To my dismay it was John Blanche. She had threatened to show
him my stuff for weeks. I had not really believed she would, not realising
they’d known each other for years in GW. I was mortified; I hate fan boy type
behaviour etc. And there was eye looking abashed whilst my wife showed an icon
of the hobby my mini like I was a teeny-boppa hobbyist gushing over a celeb.
Nightmare.
I went over to tell her to behave. John had a hold of the
big boy looked at me and went “nice, really gritty and grimy, but in my opinion
Paul what you need to do is put some massive pussy bulbous nackers on it…”
Well what could I say to that…?
He then berated me for not painting it and to do it sharpish
otherwise he would take it of me as he wanted to paint it himself. I painted it
over the next two nights!
So whilst maybe the most interesting challenge in the army,
I am not sure I can say it’s the biggest challenge as I haven’t finished the
army and don’t think I ever will. I always just keep having to add new stuff.
7. What painting
project is next for you?
Personal project? Well I am planning and collecting bits for
a new chaos…Nurgle… army. Yeah original and fresh eh? I want to do a renegade
army that is more grimy and clunky rather than mutated and chaosy as such. This
way I can use it as a very, very dubious loyal marine army or a renegade army.
It will probably be based around the old Blood angel successor chapter you
rarely hear from any more; The Flesh Eaters. Barbaric blood thirsty fighters.

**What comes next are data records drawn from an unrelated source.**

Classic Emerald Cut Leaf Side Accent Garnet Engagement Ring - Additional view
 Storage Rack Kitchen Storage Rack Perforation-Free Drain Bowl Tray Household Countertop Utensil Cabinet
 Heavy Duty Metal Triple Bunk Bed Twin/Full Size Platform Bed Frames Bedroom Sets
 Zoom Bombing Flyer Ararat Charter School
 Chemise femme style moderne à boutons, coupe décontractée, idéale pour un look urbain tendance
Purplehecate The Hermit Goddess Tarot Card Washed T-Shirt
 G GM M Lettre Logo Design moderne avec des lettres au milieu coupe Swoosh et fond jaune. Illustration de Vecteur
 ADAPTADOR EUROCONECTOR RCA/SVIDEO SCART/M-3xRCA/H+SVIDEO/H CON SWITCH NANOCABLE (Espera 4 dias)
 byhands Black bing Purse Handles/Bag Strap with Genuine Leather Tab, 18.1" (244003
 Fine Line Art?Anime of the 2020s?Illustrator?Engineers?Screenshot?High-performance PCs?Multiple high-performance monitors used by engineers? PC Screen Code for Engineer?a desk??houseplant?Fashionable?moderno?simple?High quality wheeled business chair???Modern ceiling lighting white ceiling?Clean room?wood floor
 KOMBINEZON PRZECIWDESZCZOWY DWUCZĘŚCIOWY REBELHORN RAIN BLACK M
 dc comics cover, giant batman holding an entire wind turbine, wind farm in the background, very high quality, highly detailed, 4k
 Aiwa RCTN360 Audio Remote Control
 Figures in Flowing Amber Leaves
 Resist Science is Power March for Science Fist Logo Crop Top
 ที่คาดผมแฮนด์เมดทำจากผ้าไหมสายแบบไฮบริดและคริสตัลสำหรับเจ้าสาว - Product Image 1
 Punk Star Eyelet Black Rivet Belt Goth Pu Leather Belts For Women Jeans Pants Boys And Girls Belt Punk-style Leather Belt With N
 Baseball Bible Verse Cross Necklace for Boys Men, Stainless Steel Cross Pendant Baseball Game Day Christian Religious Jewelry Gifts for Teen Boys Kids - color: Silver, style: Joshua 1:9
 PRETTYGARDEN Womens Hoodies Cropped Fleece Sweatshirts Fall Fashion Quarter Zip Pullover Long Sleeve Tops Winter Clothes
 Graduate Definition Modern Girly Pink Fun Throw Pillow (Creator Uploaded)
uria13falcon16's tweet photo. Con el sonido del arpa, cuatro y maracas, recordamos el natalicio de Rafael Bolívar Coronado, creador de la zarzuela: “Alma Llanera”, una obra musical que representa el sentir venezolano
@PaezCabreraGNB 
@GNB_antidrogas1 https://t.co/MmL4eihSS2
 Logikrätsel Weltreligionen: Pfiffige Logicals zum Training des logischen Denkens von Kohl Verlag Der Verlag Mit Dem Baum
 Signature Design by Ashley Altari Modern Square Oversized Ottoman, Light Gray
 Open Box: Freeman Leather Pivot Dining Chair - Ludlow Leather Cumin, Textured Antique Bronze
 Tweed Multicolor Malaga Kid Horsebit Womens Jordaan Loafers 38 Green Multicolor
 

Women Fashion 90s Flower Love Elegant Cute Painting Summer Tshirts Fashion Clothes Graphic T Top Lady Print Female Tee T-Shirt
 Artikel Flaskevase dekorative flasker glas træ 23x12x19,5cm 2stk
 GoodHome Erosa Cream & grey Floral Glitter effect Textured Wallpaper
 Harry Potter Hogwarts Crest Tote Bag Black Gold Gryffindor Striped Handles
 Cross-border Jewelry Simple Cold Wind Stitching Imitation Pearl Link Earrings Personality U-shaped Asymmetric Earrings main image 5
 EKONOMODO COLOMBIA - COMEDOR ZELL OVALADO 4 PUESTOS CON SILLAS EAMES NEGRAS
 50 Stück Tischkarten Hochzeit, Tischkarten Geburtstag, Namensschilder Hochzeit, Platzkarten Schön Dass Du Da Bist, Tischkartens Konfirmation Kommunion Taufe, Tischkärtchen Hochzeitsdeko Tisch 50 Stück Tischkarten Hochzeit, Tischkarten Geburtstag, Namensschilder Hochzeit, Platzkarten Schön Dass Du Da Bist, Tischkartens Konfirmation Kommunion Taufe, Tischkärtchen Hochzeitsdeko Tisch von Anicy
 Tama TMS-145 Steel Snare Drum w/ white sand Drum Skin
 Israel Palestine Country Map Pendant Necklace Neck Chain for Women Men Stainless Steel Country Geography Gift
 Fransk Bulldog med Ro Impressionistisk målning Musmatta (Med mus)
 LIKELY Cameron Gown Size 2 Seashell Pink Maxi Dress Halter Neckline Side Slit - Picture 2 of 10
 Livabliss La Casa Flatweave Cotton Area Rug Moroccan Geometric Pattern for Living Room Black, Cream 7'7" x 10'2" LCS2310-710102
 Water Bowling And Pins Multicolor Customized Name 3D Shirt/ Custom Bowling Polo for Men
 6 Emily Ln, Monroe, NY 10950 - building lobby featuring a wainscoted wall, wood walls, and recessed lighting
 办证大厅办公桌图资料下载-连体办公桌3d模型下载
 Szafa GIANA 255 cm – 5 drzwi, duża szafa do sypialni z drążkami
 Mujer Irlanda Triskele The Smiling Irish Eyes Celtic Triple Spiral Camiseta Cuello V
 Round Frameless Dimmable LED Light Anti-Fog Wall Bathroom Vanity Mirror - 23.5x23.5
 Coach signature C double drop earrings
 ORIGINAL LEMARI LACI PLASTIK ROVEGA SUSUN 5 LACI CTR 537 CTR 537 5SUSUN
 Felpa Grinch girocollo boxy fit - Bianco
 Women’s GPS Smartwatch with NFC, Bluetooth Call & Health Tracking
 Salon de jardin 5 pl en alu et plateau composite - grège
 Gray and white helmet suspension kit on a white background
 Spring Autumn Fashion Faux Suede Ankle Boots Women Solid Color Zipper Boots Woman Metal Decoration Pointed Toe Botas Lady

Planning on them being a post-apocalyptic/gladiatorial industrial looking force…if
you can imagine that. Got some awesome bits from Maxmini and Puppet wars
websites. Very excited about it.
However as I am full time painting on commissions now it
looks like I will not get down to this anytime soon. I have currently, a squad
of Dire Avengers, 60 dungeon crawl Orc minis, and a 3000pts Empire army amongst
other little things to paint! And a fortress of redemption in the post to me
for a nice chap.
I know, it’s a hard life!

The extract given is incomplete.